> SUPPLIED MATERIAL
******************************
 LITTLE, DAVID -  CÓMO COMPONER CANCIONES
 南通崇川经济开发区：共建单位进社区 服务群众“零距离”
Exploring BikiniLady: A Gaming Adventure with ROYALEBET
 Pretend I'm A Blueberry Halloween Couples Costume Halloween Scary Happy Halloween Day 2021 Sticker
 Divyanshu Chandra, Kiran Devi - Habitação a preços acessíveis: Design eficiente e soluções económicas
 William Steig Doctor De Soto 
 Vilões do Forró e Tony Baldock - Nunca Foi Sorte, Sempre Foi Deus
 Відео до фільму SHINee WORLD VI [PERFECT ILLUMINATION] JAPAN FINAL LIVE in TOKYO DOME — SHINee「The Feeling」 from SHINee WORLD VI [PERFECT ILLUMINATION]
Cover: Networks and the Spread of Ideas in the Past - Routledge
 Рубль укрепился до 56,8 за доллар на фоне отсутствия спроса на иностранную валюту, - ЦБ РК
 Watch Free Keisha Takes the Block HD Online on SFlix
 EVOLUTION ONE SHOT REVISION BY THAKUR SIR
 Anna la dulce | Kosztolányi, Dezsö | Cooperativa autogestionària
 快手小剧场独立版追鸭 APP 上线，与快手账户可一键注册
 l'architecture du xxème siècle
******************************
Starting at the first line of the listing, retype every line up to and including the one with "Cover: Networks and".

> WRITTEN RESPONSE
 LITTLE, DAVID -  CÓMO COMPONER CANCIONES
 南通崇川经济开发区：共建单位进社区 服务群众“零距离”
Exploring BikiniLady: A Gaming Adventure with ROYALEBET
 Pretend I'm A Blueberry Halloween Couples Costume Halloween Scary Happy Halloween Day 2021 Sticker
 Divyanshu Chandra, Kiran Devi - Habitação a preços acessíveis: Design eficiente e soluções económicas
 William Steig Doctor De Soto 
 Vilões do Forró e Tony Baldock - Nunca Foi Sorte, Sempre Foi Deus
 Відео до фільму SHINee WORLD VI [PERFECT ILLUMINATION] JAPAN FINAL LIVE in TOKYO DOME — SHINee「The Feeling」 from SHINee WORLD VI [PERFECT ILLUMINATION]
Cover: Networks and the Spread of Ideas in the Past - Routledge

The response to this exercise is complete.